Parallel Wavenet-Vocoder
twidddj opened this issue · 14 comments
Planed TODO
- KL + Power - Single speaker
Properties not specified in the paper
- Sampling number for the loss (We may have some limitation for GPU)
- Number of mixture for IAF layers
- Averaging method for Power loss
- ex) Just reduce_mean on time axis or using moving average or ..
- .. (Please, let us know those)
Another implementations
- https://github.com/zhf459/P_wavenet_vocoder (used r9y9's wavenet in pytorch)
sadly, there are many details behind the paper, i find nobody can reproduce result.
Most of all, I'm not sure mel-spectrogram would fit well to reproduce result like the linguistic features in the paper.
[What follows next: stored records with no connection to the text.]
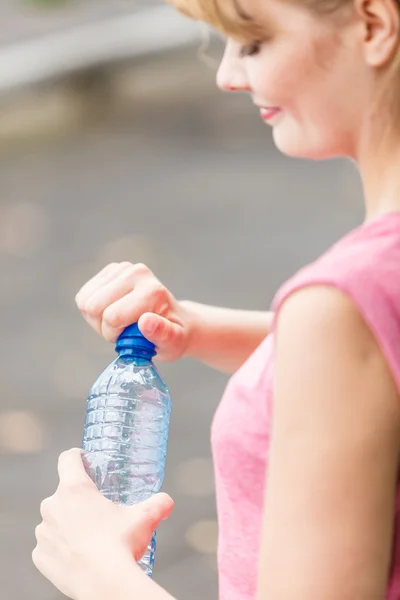 Woman with bottle of water taking break. Fitness.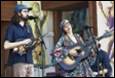 A group of people playing instruments

Description automatically generated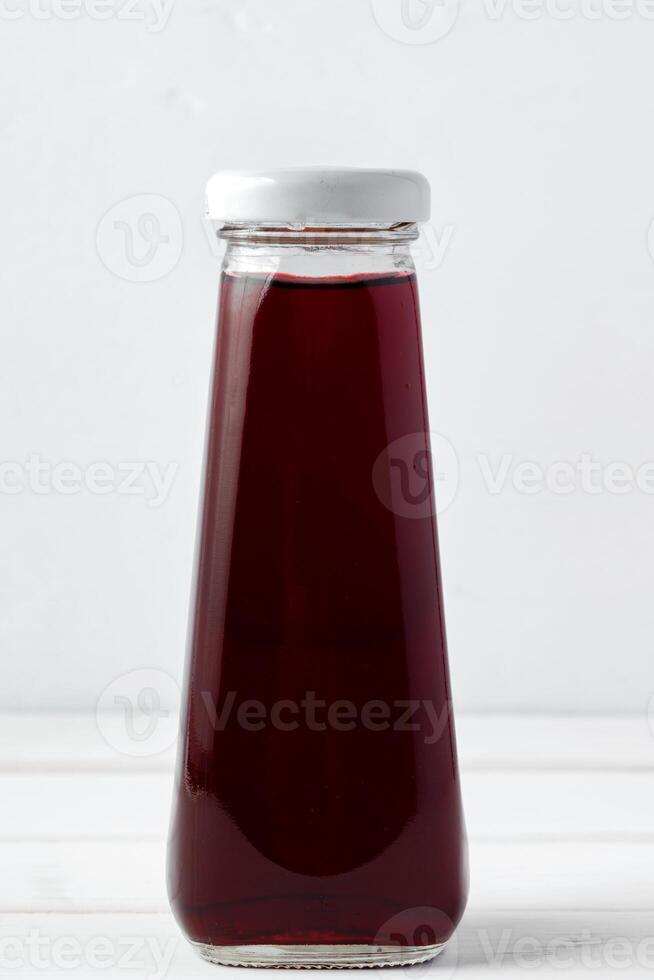 Small glass bottle of fresh juice on white background photo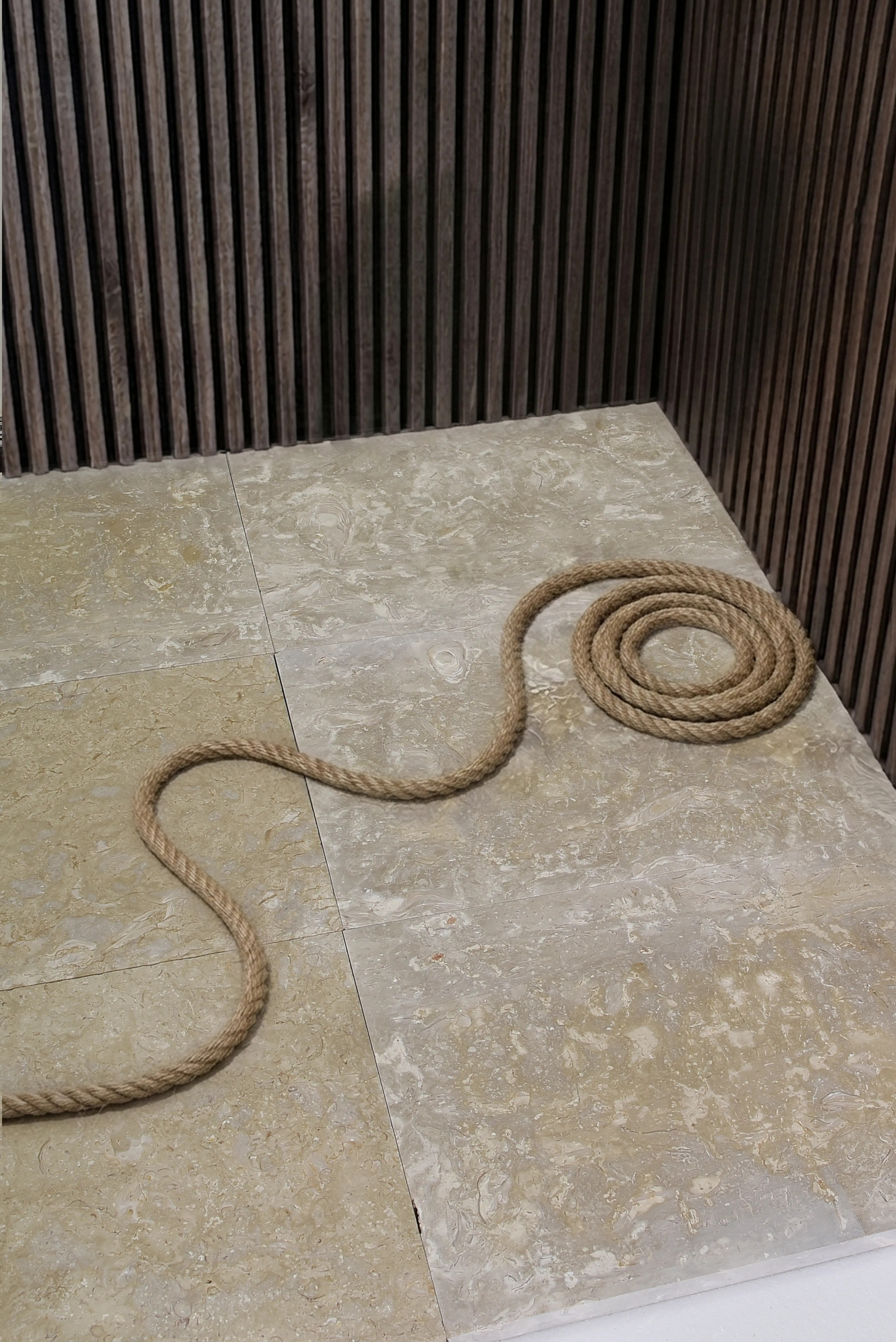 Natural beige limestone floor tiles with a coiled jute rope, shown for rubble masonry explained.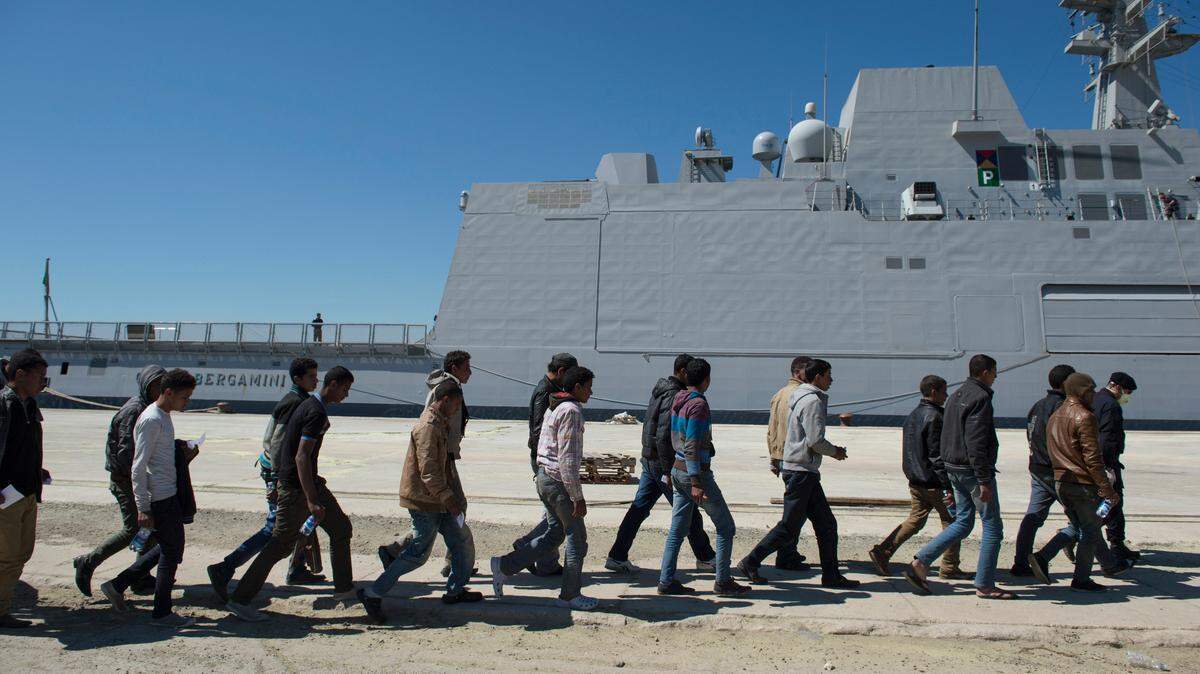 Cientos de migrantes desembarcan de un buque italiano, en un puerto de Sicilia, luego de ser rescatados en el Mediterráneo.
We may have to consider another constraints to make up for the weakness of mel-features.
I do not think mel-features is the key problem of me, i think the iaf and probability Density Distillation is very very import for the quality.
@neverjoe do you tell me how to connect teacher model to eval student !Are they all trained in one sess! thanks
hi ! How to let teachers' network parameters do not participate in training? thanks
@maozhiqiang
"tf.stop_gradient" in tensorflow
thank you @xuerq
@neverjoe still working on it,the wav sampled from student is not so good as teacher
@twidddj do you get reasonable result about paralle wavenet!
Hi @maozhiqiang, we are still trying to get better result of it. We have got some results, but It's not enough. I attached the results here. Thanks for your attention of our project!
hi @twidddj ! Thank you very much for your reply! do you used KL loss?